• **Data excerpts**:
****************
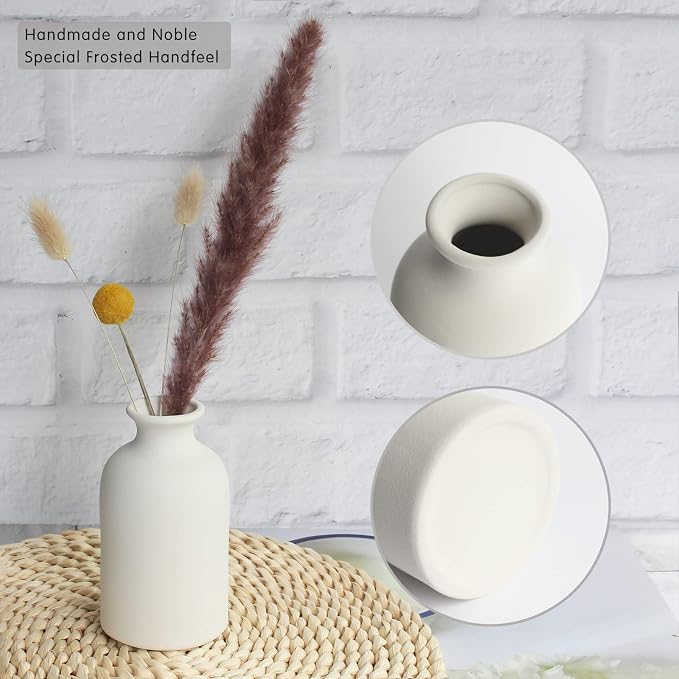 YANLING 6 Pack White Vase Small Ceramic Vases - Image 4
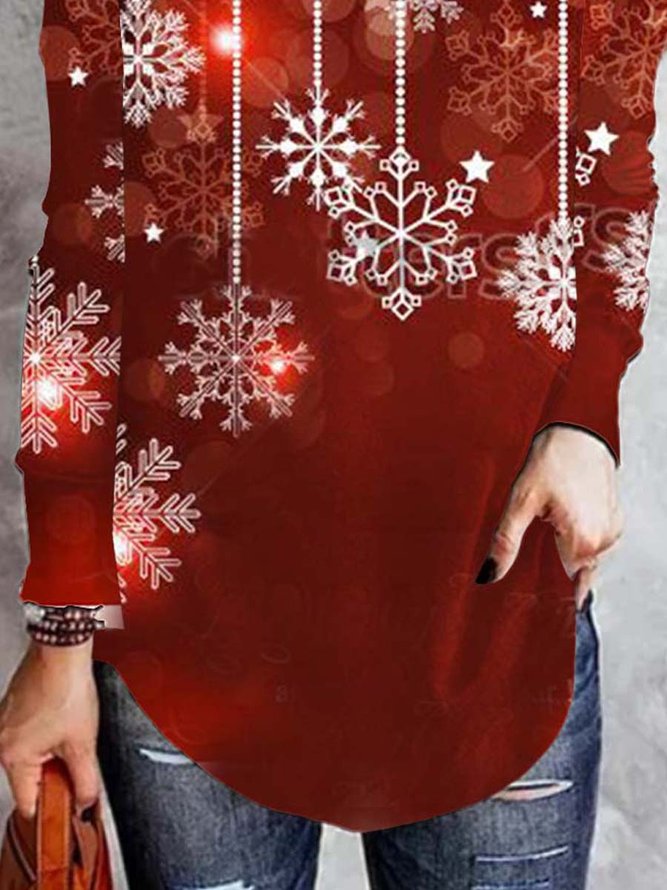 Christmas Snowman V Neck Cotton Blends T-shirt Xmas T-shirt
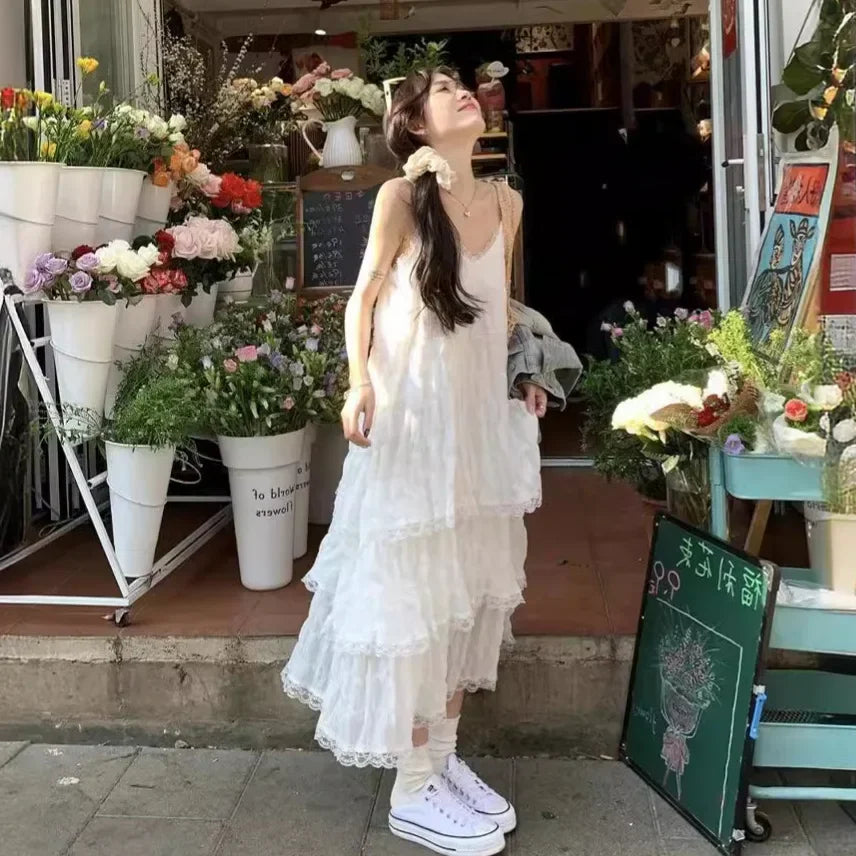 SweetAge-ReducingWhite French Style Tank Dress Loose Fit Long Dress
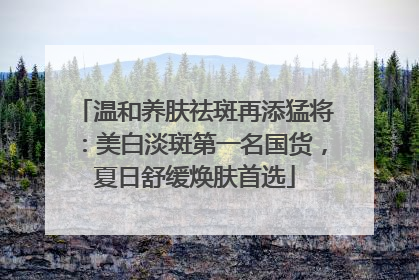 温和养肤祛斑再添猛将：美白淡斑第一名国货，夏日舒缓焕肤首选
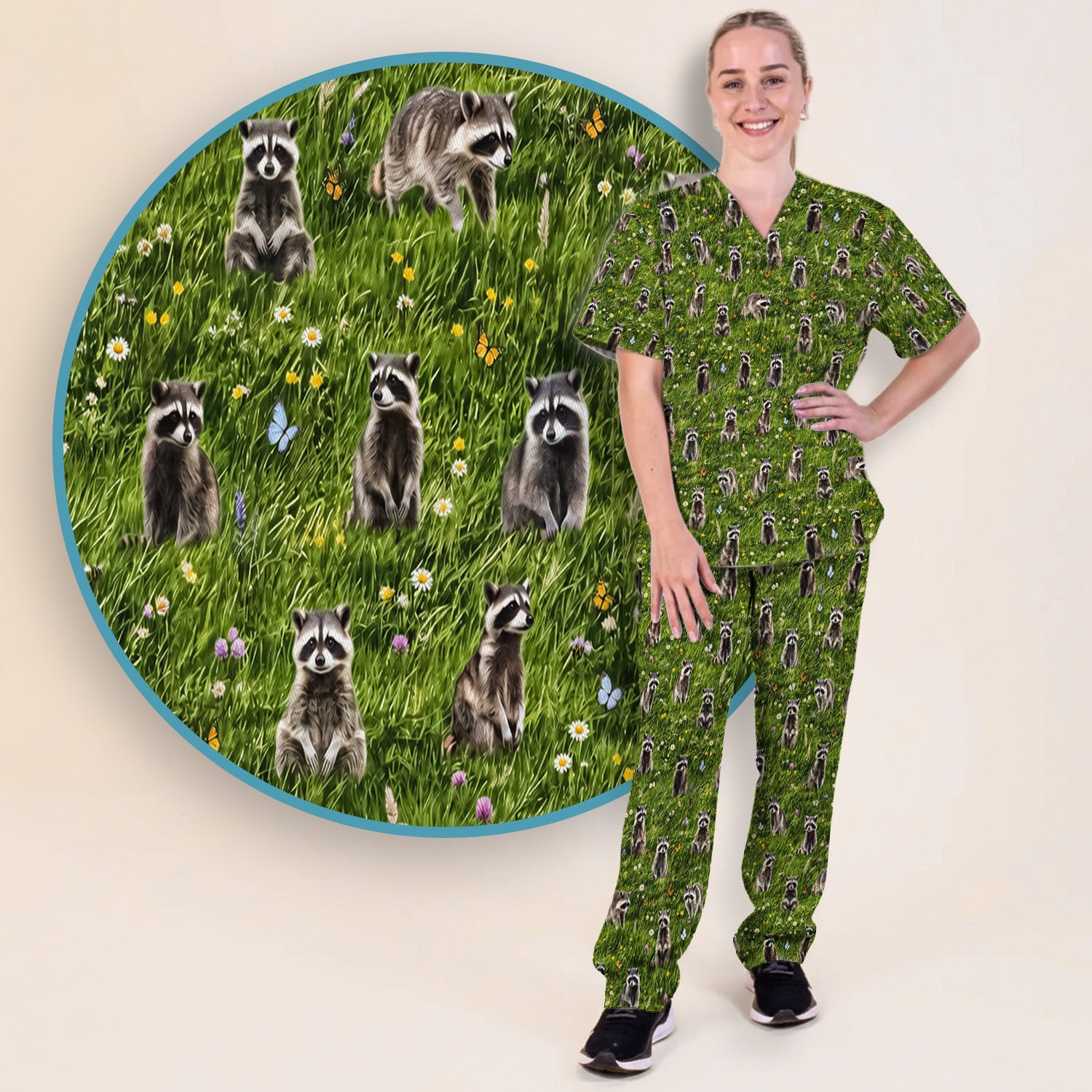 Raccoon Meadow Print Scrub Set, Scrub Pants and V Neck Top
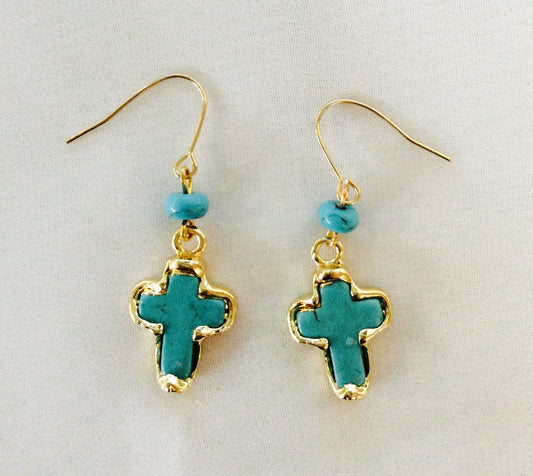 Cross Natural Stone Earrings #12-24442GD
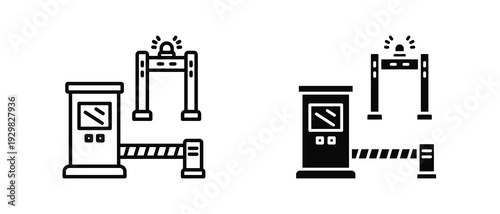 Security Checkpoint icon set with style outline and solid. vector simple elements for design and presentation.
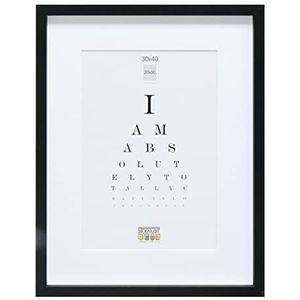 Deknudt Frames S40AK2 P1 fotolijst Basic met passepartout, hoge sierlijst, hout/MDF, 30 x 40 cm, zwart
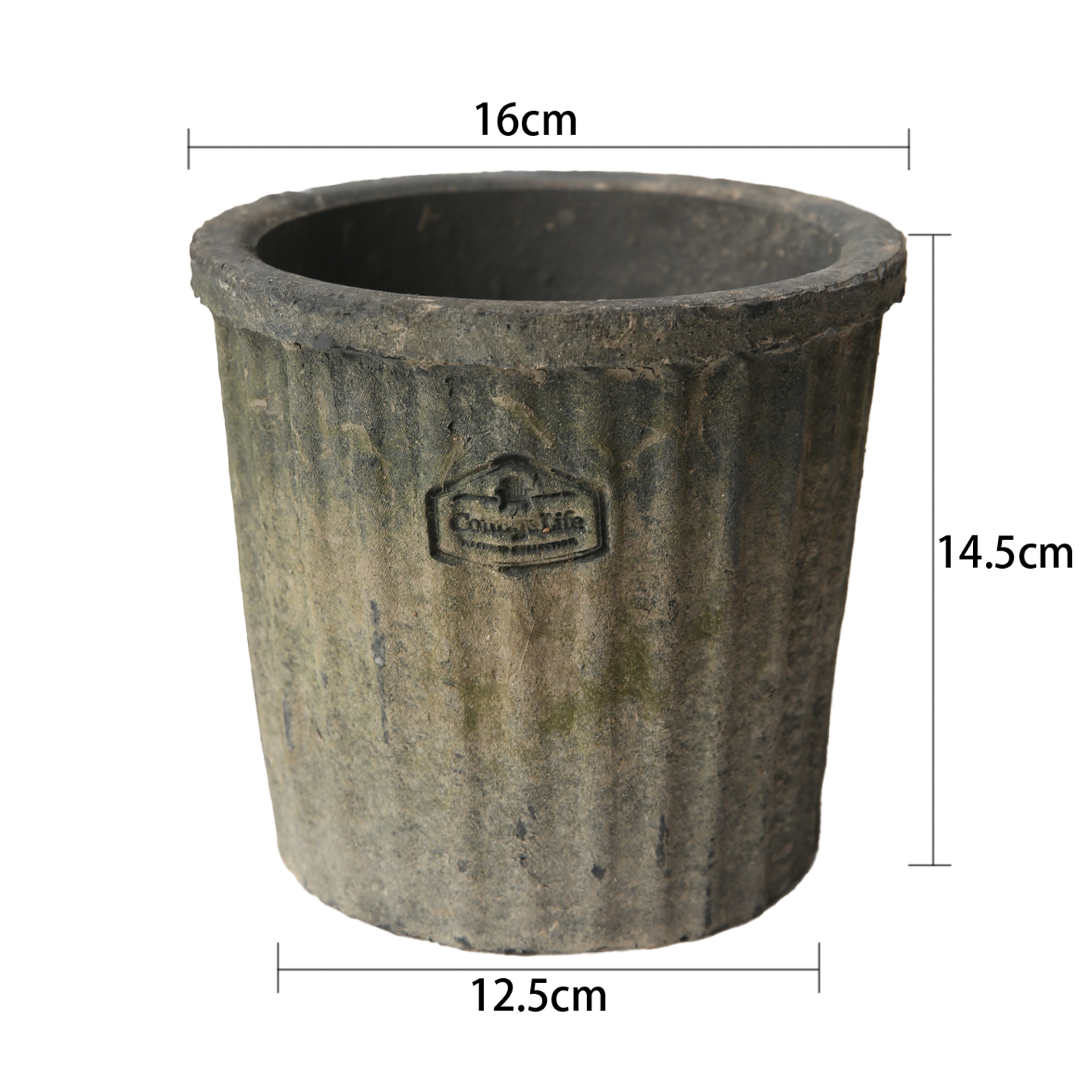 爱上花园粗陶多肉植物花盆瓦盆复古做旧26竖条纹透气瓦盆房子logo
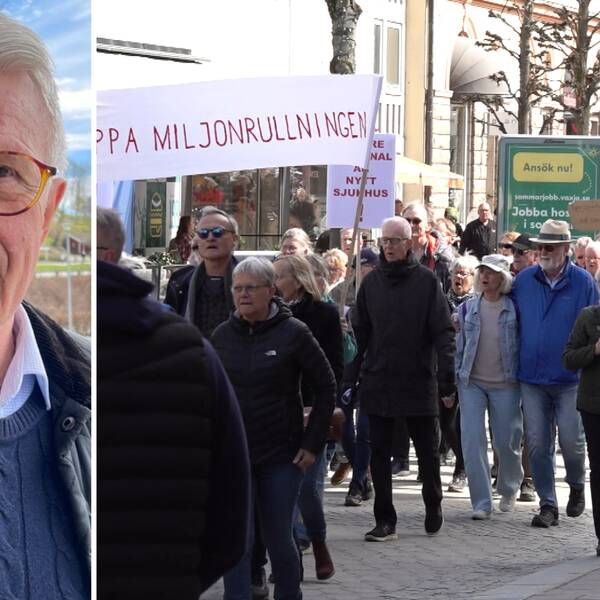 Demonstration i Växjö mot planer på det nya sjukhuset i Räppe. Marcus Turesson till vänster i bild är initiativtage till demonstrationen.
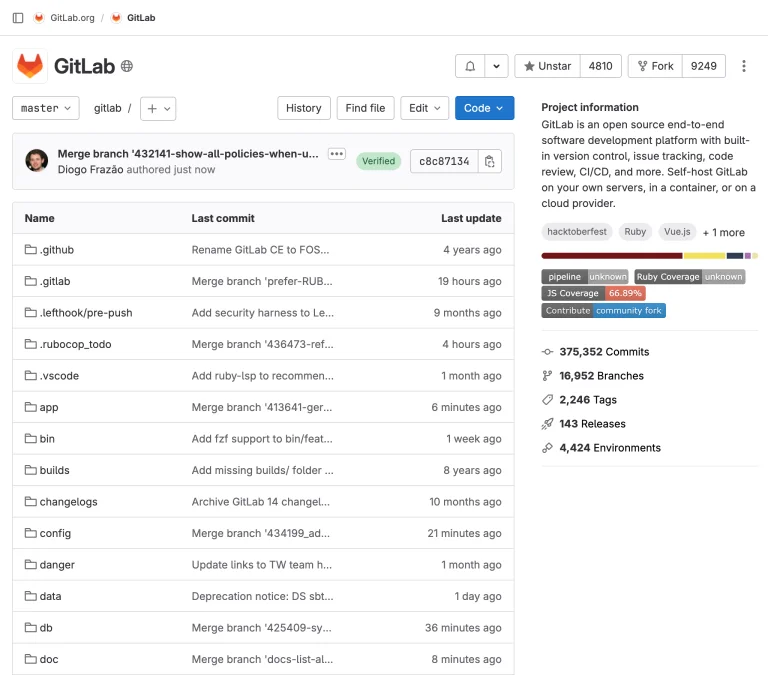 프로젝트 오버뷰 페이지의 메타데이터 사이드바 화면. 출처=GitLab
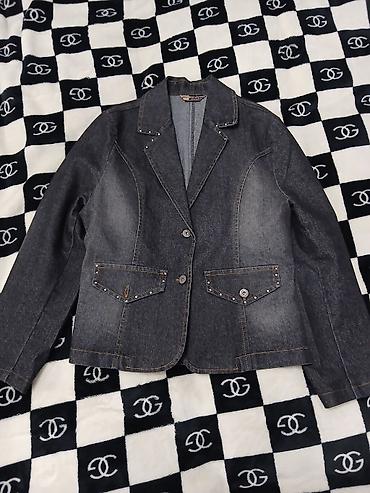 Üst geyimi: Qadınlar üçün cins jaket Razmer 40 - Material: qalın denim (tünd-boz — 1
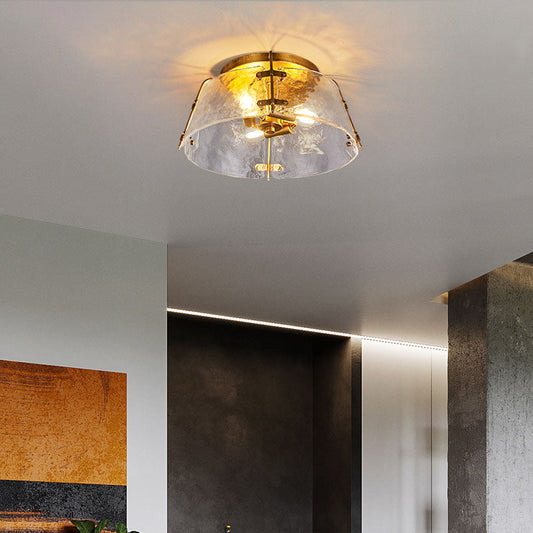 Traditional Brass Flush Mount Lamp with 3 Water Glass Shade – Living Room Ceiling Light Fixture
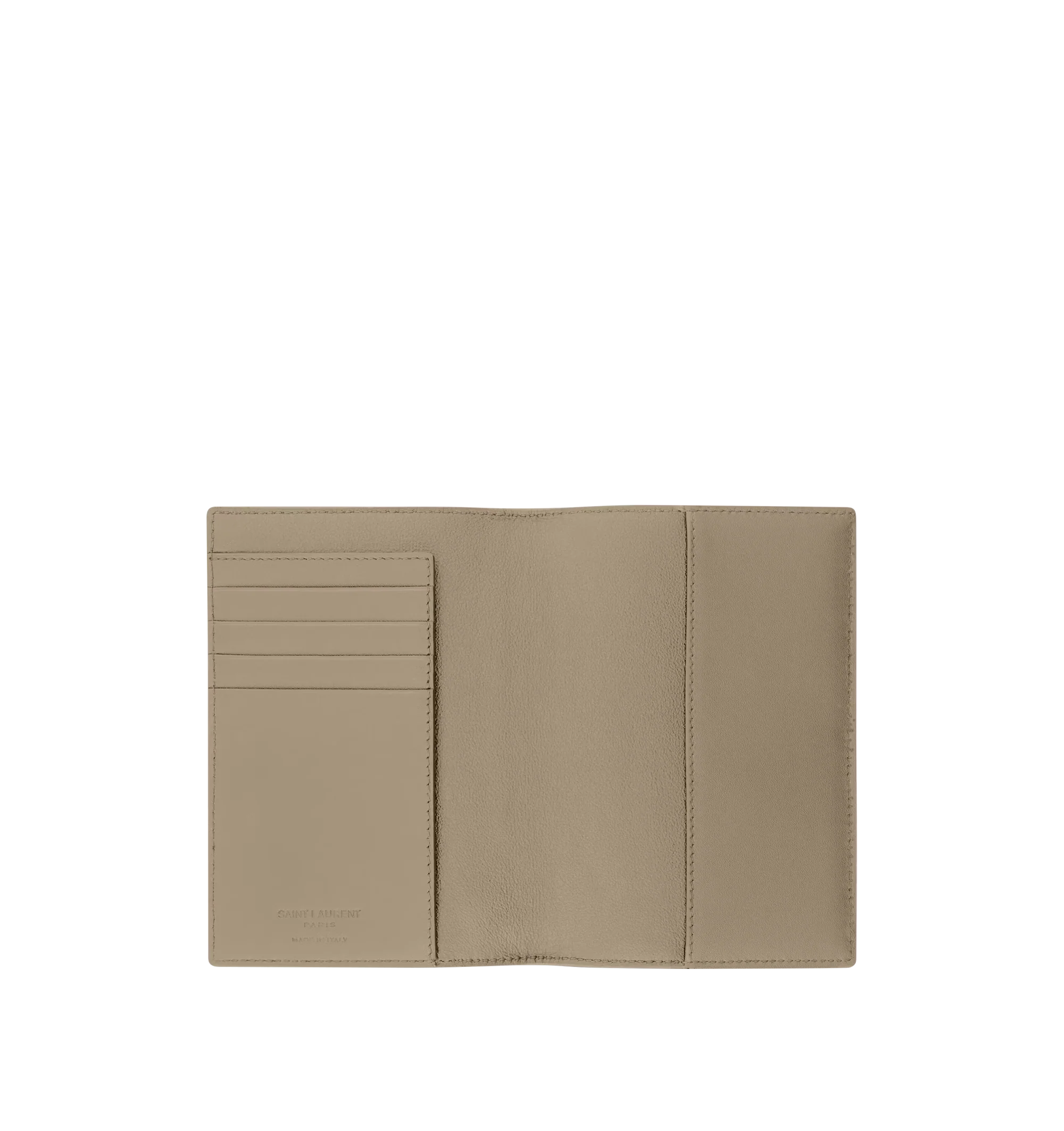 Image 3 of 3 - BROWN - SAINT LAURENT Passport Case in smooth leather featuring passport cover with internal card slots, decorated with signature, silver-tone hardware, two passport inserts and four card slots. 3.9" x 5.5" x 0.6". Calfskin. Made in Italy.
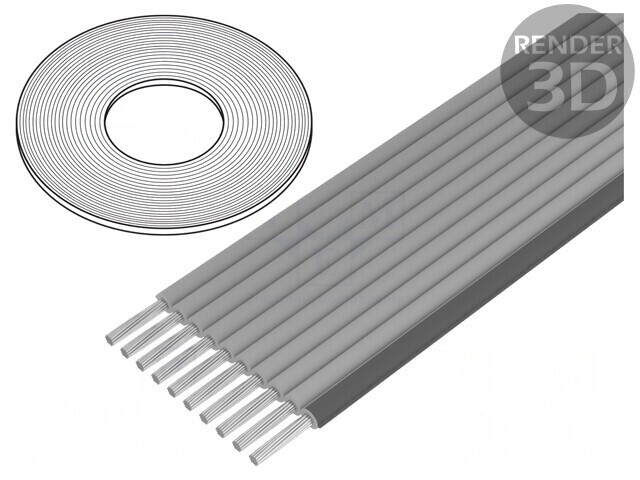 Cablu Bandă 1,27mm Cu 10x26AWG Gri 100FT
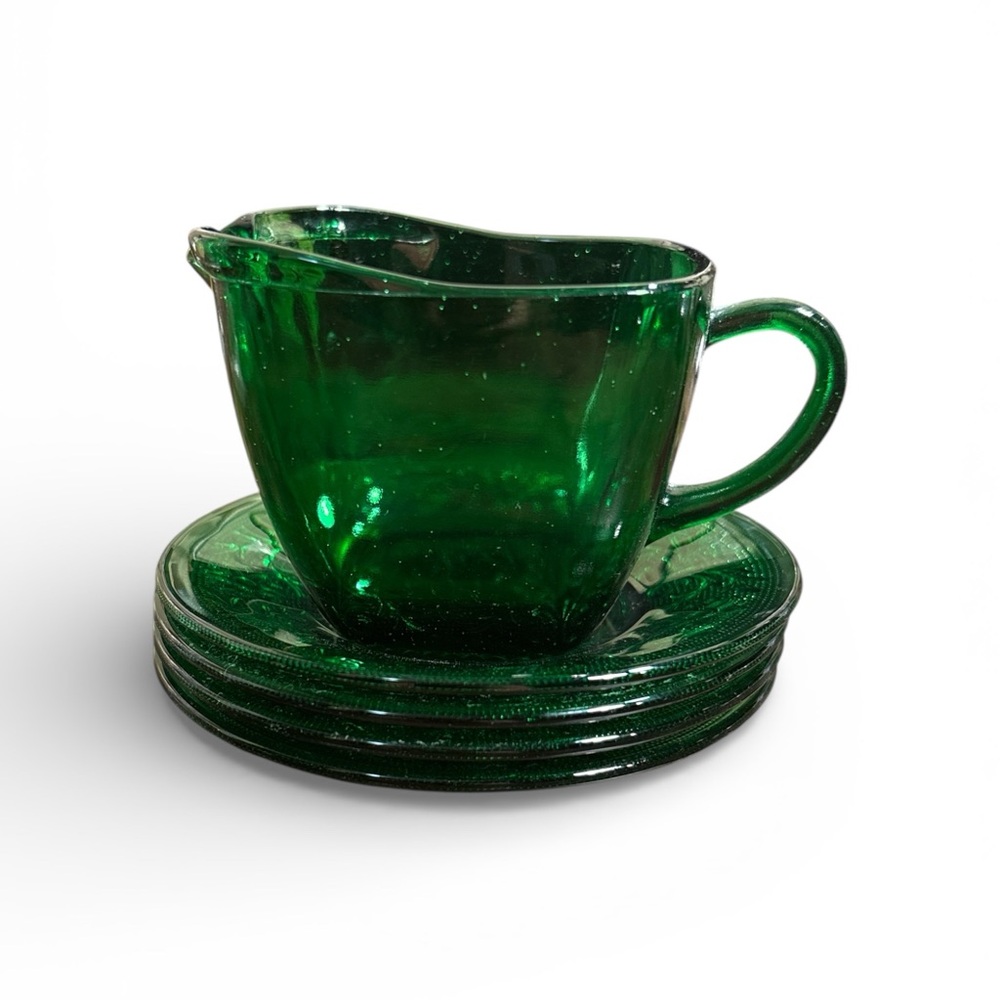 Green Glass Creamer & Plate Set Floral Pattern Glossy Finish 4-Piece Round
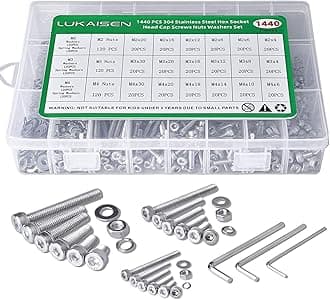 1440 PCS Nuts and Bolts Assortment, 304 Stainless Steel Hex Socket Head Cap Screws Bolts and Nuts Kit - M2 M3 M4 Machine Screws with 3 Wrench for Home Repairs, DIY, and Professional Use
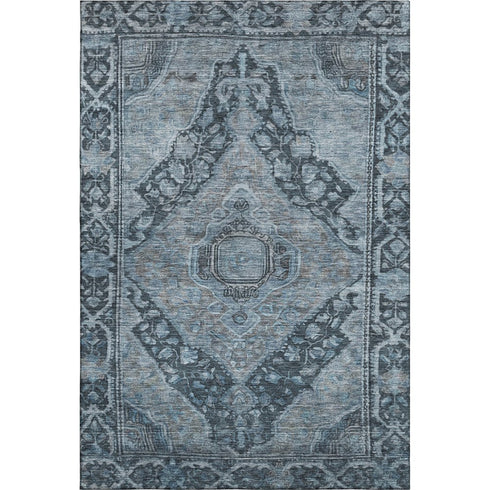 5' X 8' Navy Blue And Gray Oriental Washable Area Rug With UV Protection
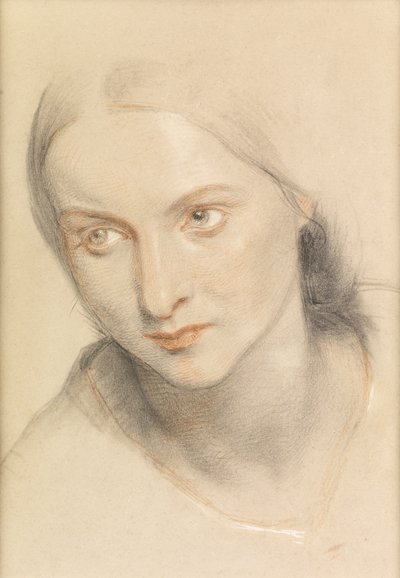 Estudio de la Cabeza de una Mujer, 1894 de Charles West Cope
****************
• **ABOUT THIS EXERCISE**:
From the line containing "Demonstration i Växjö" down to the last line of the entries above, copy each line exactly and nothing more. Leave pictures out.

• **ANSWER SECTION**:
 Demonstration i Växjö mot planer på det nya sjukhuset i Räppe. Marcus Turesson till vänster i bild är initiativtage till demonstrationen.
 프로젝트 오버뷰 페이지의 메타데이터 사이드바 화면. 출처=GitLab
 Üst geyimi: Qadınlar üçün cins jaket Razmer 40 - Material: qalın denim (tünd-boz — 1
 Traditional Brass Flush Mount Lamp with 3 Water Glass Shade – Living Room Ceiling Light Fixture
 Image 3 of 3 - BROWN - SAINT LAURENT Passport Case in smooth leather featuring passport cover with internal card slots, decorated with signature, silver-tone hardware, two passport inserts and four card slots. 3.9" x 5.5" x 0.6". Calfskin. Made in Italy.
 Cablu Bandă 1,27mm Cu 10x26AWG Gri 100FT
 Green Glass Creamer & Plate Set Floral Pattern Glossy Finish 4-Piece Round
 1440 PCS Nuts and Bolts Assortment, 304 Stainless Steel Hex Socket Head Cap Screws Bolts and Nuts Kit - M2 M3 M4 Machine Screws with 3 Wrench for Home Repairs, DIY, and Professional Use
 5' X 8' Navy Blue And Gray Oriental Washable Area Rug With UV Protection
 Estudio de la Cabeza de una Mujer, 1894 de Charles West Cope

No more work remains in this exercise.